Le chevalier de Fosseuse eut une joie inconcevable d'avoir pu toucher un cœur d'un si haut prix; il ne put le cacher à madame de Bagneux. Mais ce qu'elle lui demandoit l'affligea au dernier point, ne croyant pas pouvoir vivre davantage si elle ne lui permettoit de l'aimer, et il en fut frappé comme d'un coup mortel.

Sa douleur fut remarquée de madame de Bagneux encore plus que la joie ne l'avoit été. Elle excita en elle une pitié contre laquelle elle fit peu d'efforts, le penchant qu'elle avoit pour le chevalier de Fosseuse lui en ôtant la force. Il lui représenta si bien et avec tant d'amour que, sa passion n'ayant rien que de respectueux, elle ne diminueroit point de son mérite, et qu'il pouvoit cacher à tout le monde son amour et son bonheur, et empêcher que personne en eût connoissance, qu'elle consentit enfin à recevoir ses vœux, après néanmoins lui avoir fait connoître encore mille scrupules, et lui avoir témoigné qu'elle appréhendoit bien les suites de la foiblesse qu'elle avoit.

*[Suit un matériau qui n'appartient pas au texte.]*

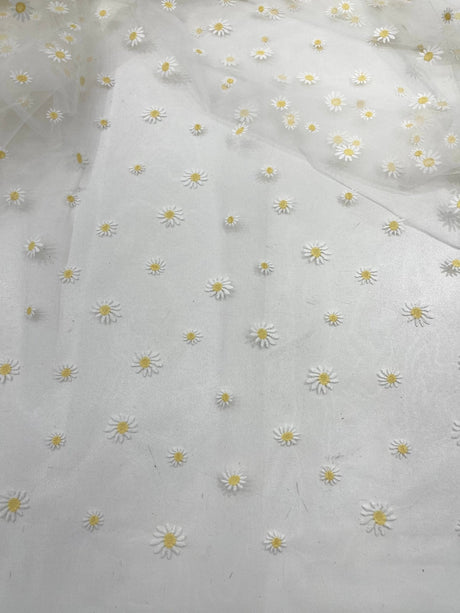 Ivory/Yellow Daisy Flowers Embroidered Lace Fabric - Ivory/Gold Floral Embroidery, 54" Width (1 Yard)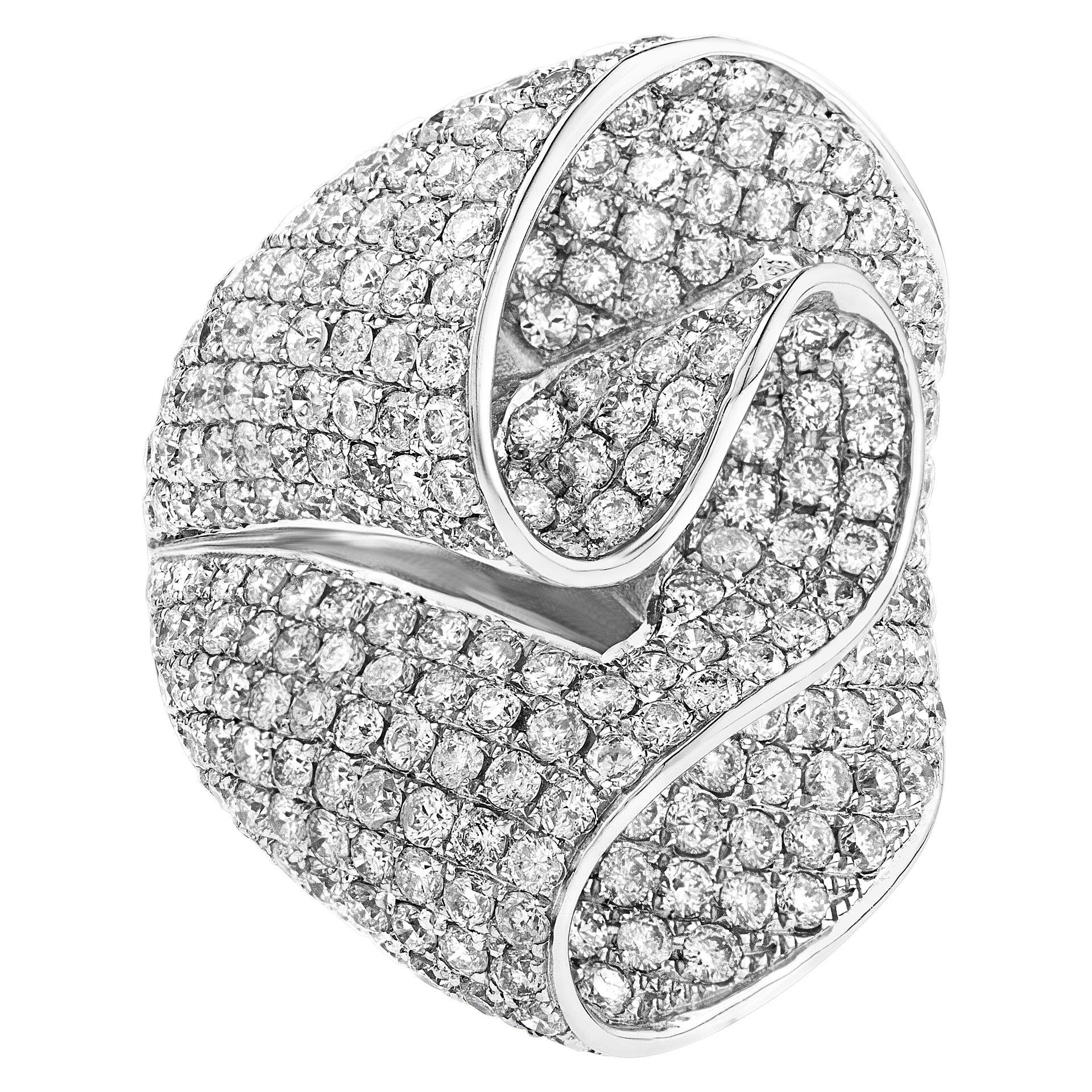 Magnificent pave diamond ring with 5.98 carats of round clean diamonds in 14k image 1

Il s'établit ensuite entre eux un commerce très-doux. Bonneville, de l'esprit de laquelle madame de Bagneux étoit entièrement assurée, prenoit les lettres du chevalier de Fosseuse et lui rendoit celles de sa maîtresse. Quoiqu'ils ne se vissent point dans les compagnies où ils eussent pu se voir, de peur que quelqu'un ne s'aperçût de leur amour en observant leurs actions, le chevalier de Fosseuse avoit le bonheur de voir souvent madame de Bagneux chez elle, cette adroite confidente ménageant si bien les temps que M. de Bagneux étoit absent, qu'il n'y avoit presque point de semaine qu'ils ne se vissent.